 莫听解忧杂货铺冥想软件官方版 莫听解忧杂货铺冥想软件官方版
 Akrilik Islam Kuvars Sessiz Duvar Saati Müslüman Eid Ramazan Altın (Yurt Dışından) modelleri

---

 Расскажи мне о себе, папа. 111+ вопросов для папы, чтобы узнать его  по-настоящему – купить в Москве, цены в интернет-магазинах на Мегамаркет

• **WHAT YOU SHOULD DO**
In the listing above, find the line containing "莫听解忧杂货铺冥想软件官方版 莫听解忧杂货铺冥想软件官方版" and the line containing "Akrilik Islam Kuvars", then quote both, plus every line between them, exactly as written.

• **SOLUTION TO THIS TASK**
 莫听解忧杂货铺冥想软件官方版 莫听解忧杂货铺冥想软件官方版
 Akrilik Islam Kuvars Sessiz Duvar Saati Müslüman Eid Ramazan Altın (Yurt Dışından) modelleri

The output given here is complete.